▸ YOUR INSTRUCTIONS
Beginning with the line containing "Эмили Кларк рассказала, как" and ending with the line containing "photo of covid toes", write out each line of the records below exactly; pictures and lines outside that range are left out.
═══ DATASET RECORDS ═══
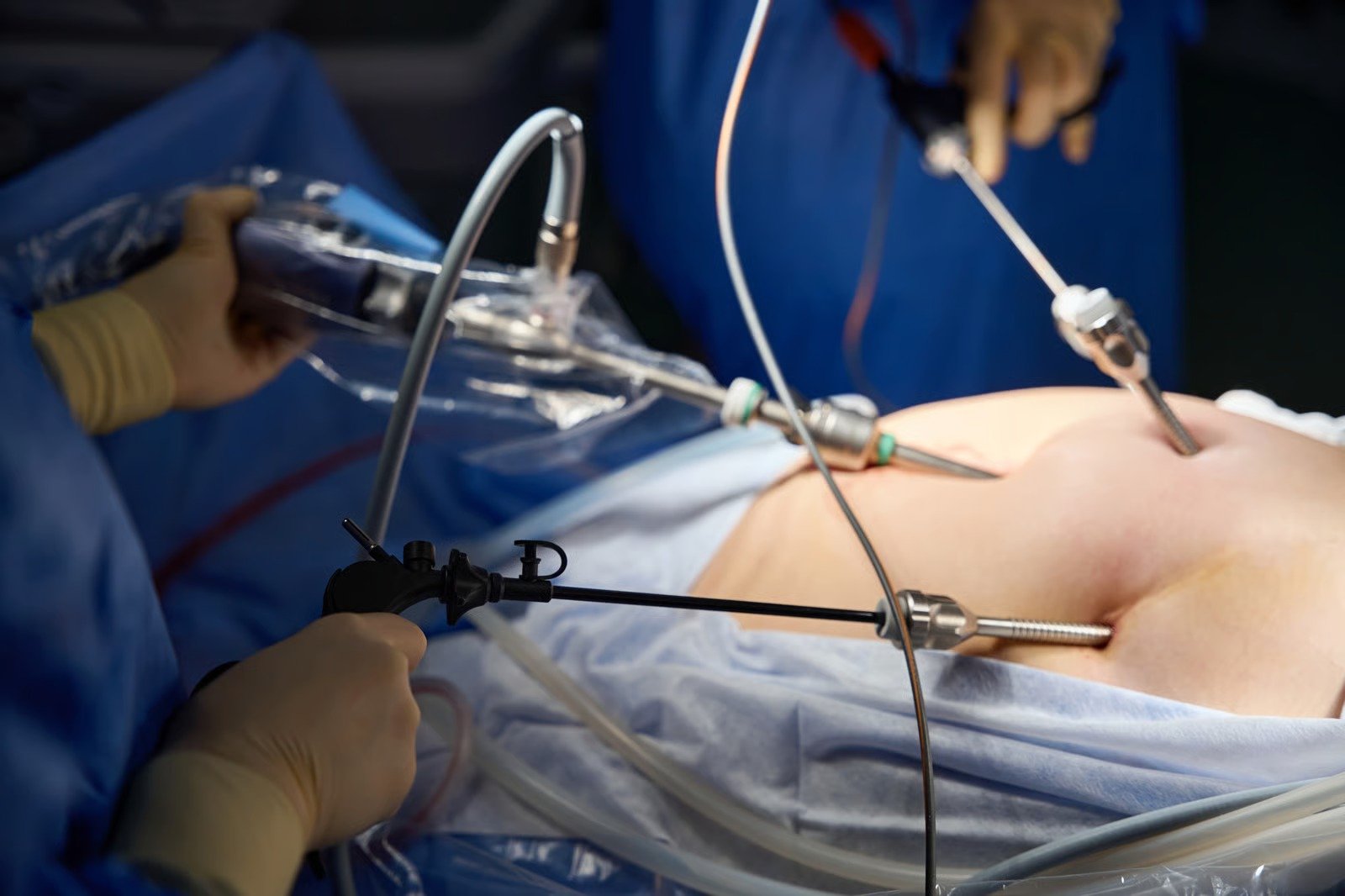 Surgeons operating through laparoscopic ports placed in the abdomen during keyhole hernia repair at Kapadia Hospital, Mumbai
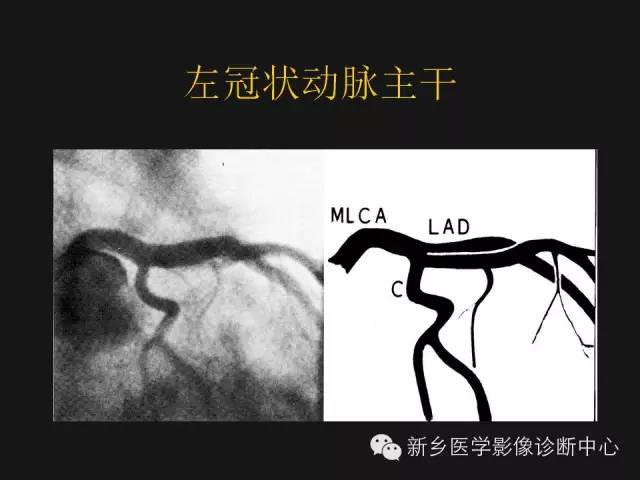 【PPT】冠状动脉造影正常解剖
═══
═══ DATASET RECORDS ═══
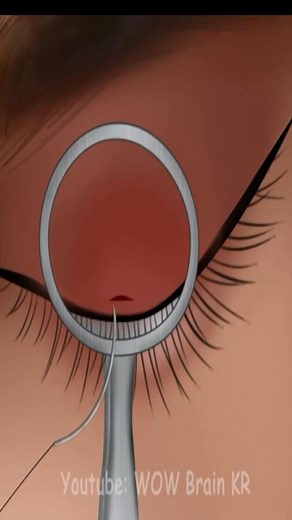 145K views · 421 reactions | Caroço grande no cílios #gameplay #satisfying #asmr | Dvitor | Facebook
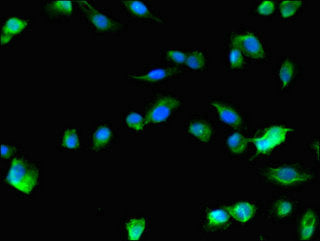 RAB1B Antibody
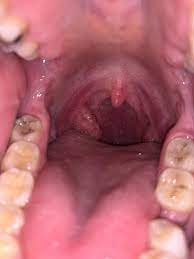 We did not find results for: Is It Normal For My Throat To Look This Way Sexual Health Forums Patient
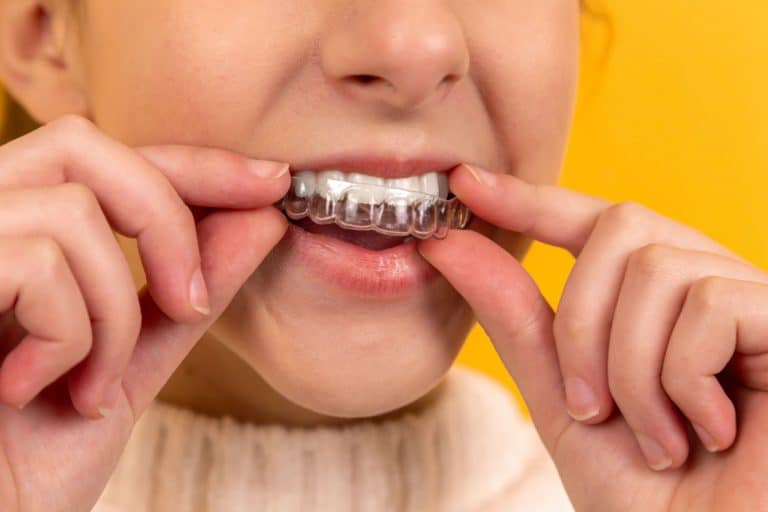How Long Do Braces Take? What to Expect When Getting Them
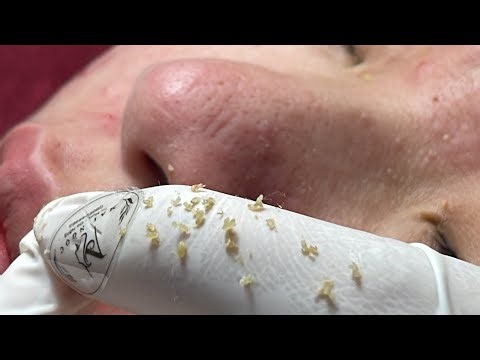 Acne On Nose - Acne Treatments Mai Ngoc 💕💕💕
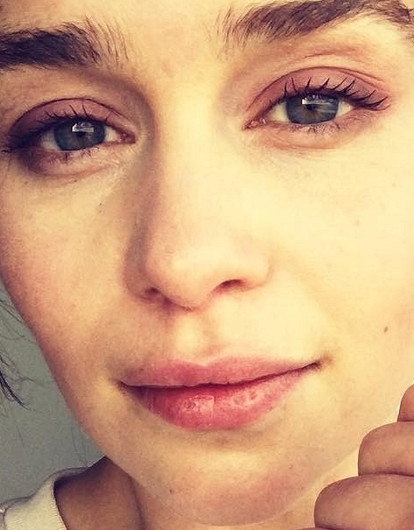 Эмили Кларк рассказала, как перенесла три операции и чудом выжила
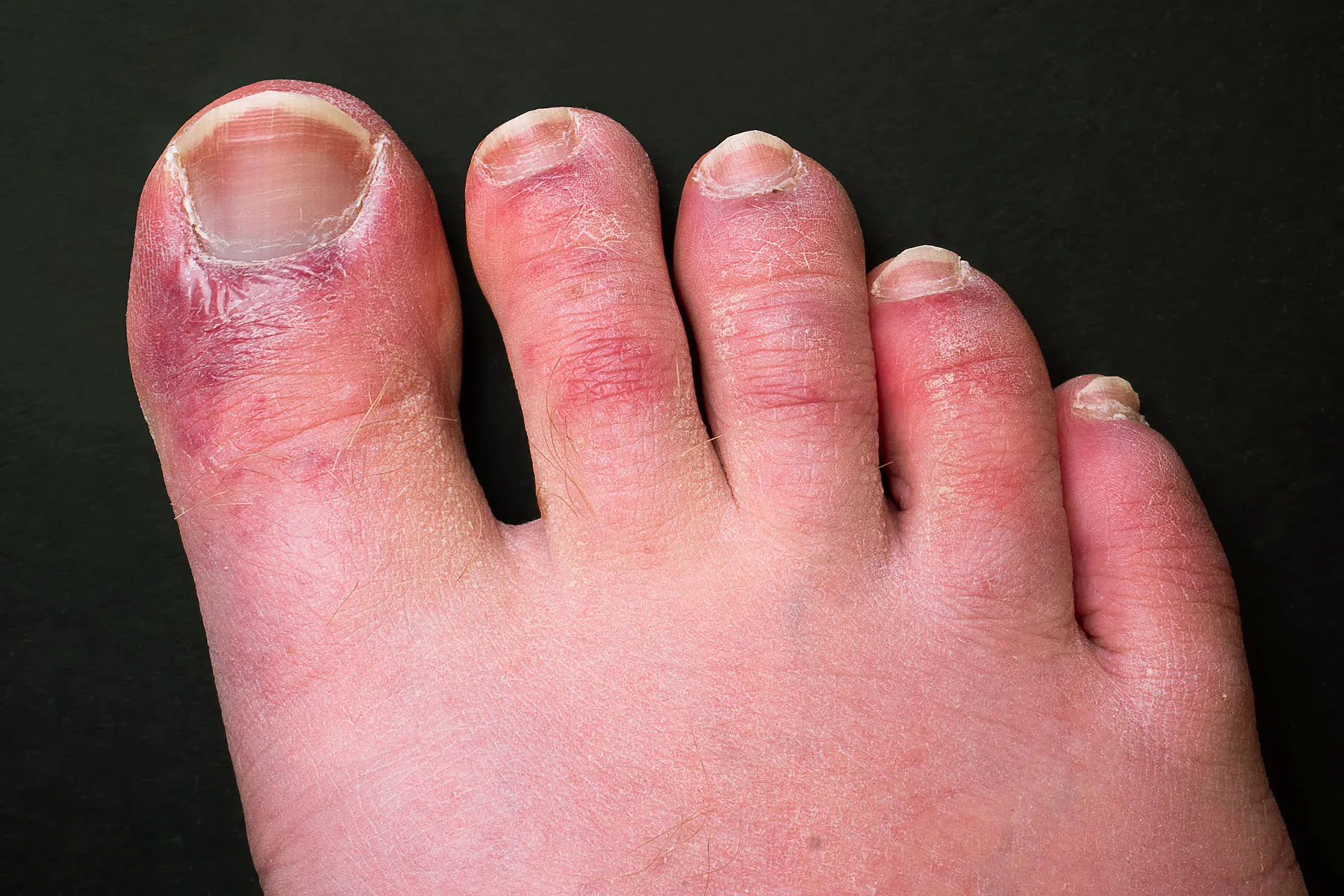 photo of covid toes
═══
▸ ANSWER FOR THIS EXERCISE
 Эмили Кларк рассказала, как перенесла три операции и чудом выжила
 photo of covid toes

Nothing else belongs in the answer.